UW News

May 6, 2004

High school students work at Union Bay

News and Information

The largest volunteer work party ever at the grounds of the UW’s Center for Urban Horticulture descended 150 strong

April 24 to weed out invasive species and help re-establish native plants.

Seattle area high school and college students with the Student Conservation Association, a national organization with a Seattle chapter and the motto of “changing lives through service to nature,” worked with UW students and faculty in sections of the Union Bay Natural Area, the grounds between the center’s buildings and Union Bay.

By the end of the day the students had covered troublesome reed canary grass with landscaping cloth and mulch and pulled five dump trucks-worth of invasives such as blackberries, scotch broom and a kind of deadly nightshade that grows in ponds at the site, according to Kern Ewing, professor of forest resources. They planted a couple hundred plants to help restore various areas.

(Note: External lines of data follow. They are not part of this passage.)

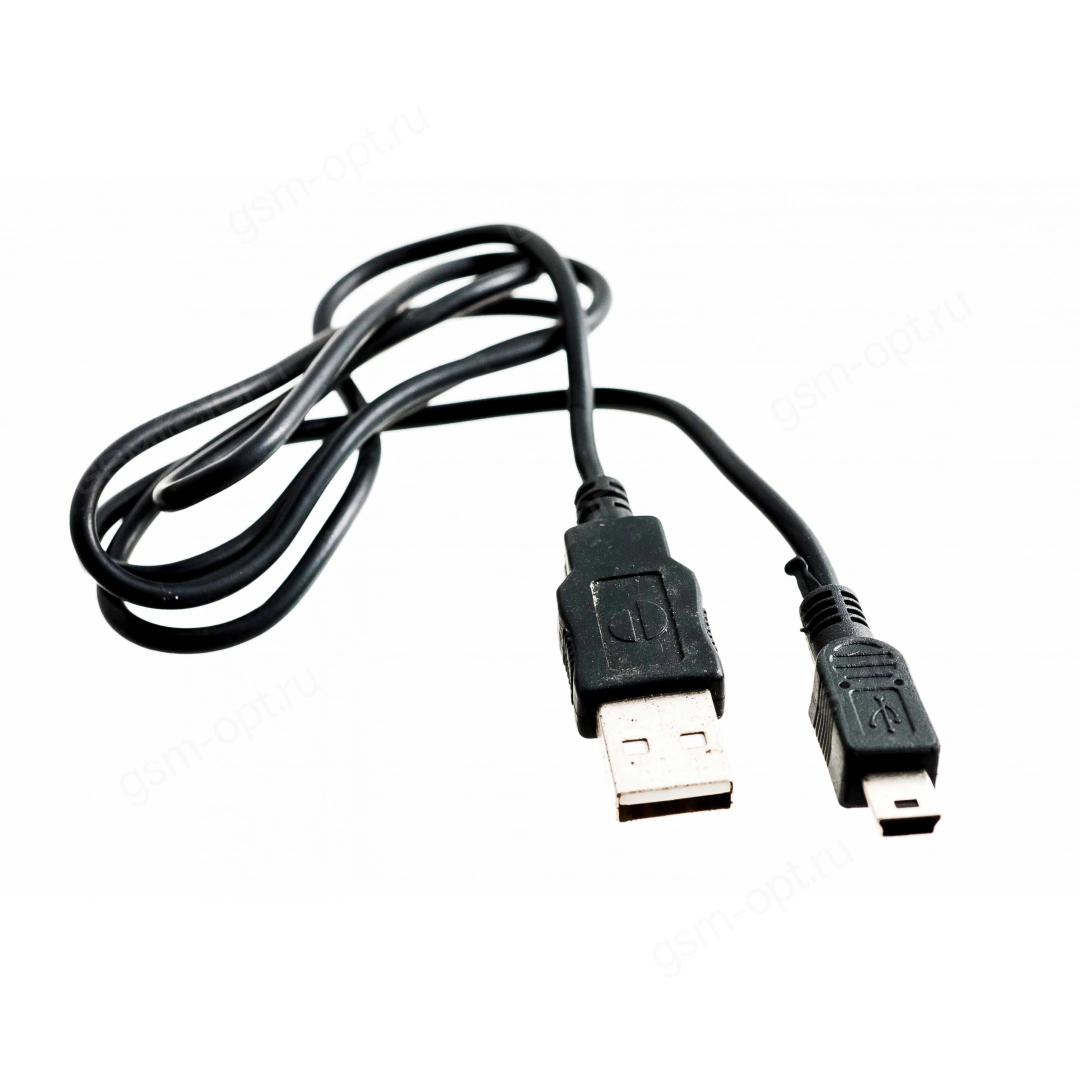 Кабель Micro USB на Mini USB/50см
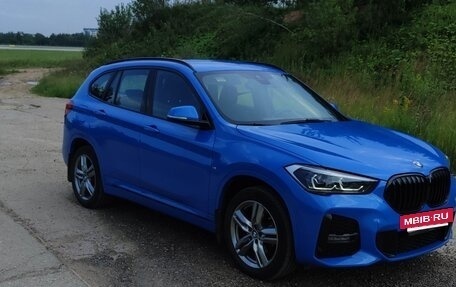 BMW X1, 2020 год, 4 000 000 рублей, 11 фотография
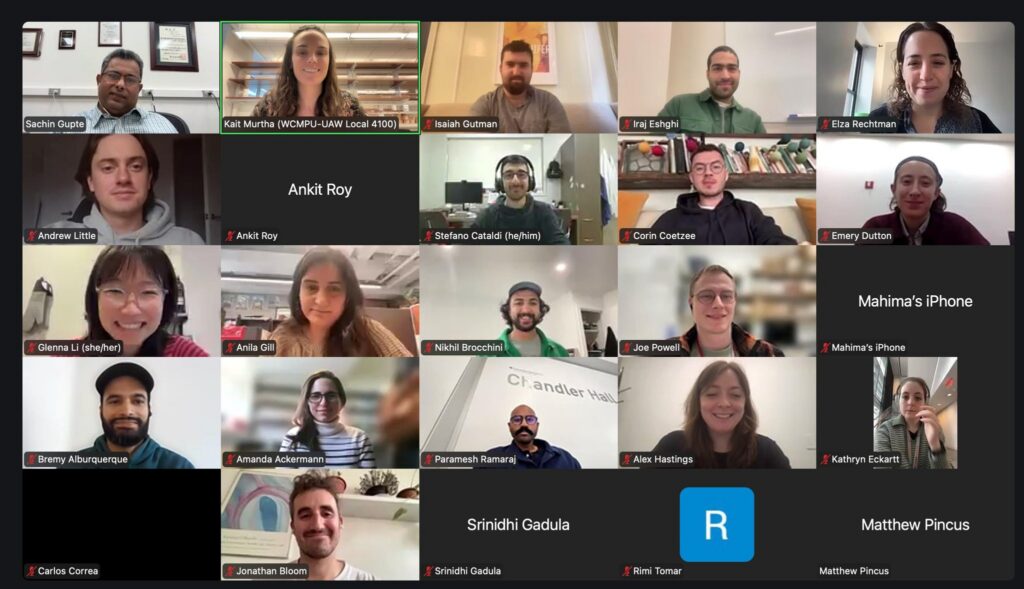 January 2026: Phonebank for EBRI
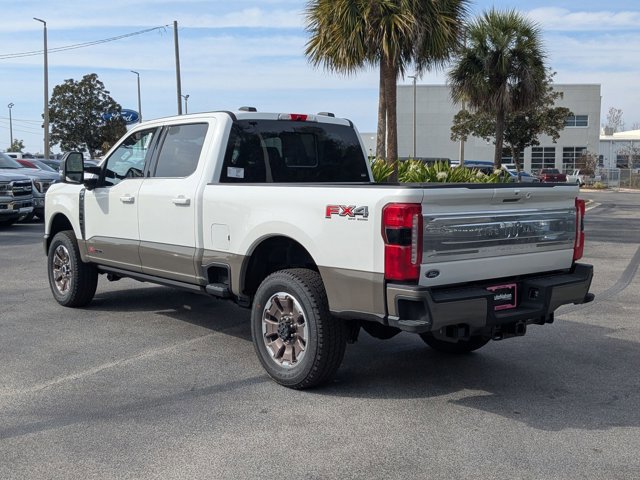 New 2026 Ford F350 King Ranch AWD/4WD image 8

Ewing and Professor Sarah Reichard have taught a number of restoration and invasives classes using the Union Bay Natural Area as a laboratory. The Student Conservation Association youths working along the University Slough, for instance, followed an invasive species management plan developed by one of Reichard’s classes.

So much was accomplished and the event went so well that the center and the Student Conservation Association may make the workday an annual event, according to Fred Hoyt, manager of facilities and grounds at the CUH/WPA.